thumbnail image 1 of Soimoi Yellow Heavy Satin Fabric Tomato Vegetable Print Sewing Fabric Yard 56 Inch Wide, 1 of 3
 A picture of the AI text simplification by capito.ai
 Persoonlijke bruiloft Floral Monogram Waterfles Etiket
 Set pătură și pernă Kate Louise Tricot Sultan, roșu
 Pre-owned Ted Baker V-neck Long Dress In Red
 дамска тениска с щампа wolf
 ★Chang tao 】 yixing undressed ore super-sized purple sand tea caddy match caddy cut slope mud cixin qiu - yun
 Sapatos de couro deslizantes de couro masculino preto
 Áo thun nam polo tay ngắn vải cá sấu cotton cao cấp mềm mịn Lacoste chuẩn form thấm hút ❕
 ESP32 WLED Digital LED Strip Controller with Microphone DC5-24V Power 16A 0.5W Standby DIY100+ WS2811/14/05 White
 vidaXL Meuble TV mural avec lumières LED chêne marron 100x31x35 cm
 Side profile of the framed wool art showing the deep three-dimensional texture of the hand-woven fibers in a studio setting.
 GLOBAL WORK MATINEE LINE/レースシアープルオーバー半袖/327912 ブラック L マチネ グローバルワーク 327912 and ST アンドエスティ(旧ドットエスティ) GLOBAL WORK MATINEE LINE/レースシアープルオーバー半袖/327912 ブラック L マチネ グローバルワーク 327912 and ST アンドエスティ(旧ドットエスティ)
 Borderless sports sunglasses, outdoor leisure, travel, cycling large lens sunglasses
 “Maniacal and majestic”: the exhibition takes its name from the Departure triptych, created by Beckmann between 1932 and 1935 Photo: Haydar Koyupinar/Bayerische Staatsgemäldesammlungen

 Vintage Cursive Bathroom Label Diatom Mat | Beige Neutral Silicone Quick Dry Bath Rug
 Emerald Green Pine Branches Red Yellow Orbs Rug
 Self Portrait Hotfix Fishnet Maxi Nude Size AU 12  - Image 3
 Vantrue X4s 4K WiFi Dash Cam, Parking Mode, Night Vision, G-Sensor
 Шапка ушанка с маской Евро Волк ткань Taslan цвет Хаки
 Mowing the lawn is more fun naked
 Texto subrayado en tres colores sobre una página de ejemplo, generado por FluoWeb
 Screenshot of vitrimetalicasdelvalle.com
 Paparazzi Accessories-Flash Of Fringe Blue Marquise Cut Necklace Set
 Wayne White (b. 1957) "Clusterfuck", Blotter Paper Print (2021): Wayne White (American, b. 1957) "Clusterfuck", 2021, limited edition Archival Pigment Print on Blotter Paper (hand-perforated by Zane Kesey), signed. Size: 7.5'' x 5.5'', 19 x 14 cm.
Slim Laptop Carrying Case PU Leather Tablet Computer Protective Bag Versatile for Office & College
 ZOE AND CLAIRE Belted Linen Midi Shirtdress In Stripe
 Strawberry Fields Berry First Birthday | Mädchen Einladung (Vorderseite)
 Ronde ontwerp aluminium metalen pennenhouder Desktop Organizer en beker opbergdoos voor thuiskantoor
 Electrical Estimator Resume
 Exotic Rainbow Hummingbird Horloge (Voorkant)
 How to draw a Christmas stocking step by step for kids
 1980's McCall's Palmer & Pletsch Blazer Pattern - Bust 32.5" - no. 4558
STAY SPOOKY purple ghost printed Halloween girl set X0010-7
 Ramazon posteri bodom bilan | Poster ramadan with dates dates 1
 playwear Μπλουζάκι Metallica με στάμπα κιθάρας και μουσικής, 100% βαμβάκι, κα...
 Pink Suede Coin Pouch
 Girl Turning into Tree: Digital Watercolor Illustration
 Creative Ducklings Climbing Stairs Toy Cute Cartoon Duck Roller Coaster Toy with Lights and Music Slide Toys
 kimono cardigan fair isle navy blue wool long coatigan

## What to do
Copy verbatim the span of lines that begins with the line holding "Girl Turning into" and ends at the last line of the records.

## Your response
 Girl Turning into Tree: Digital Watercolor Illustration
 Creative Ducklings Climbing Stairs Toy Cute Cartoon Duck Roller Coaster Toy with Lights and Music Slide Toys
 kimono cardigan fair isle navy blue wool long coatigan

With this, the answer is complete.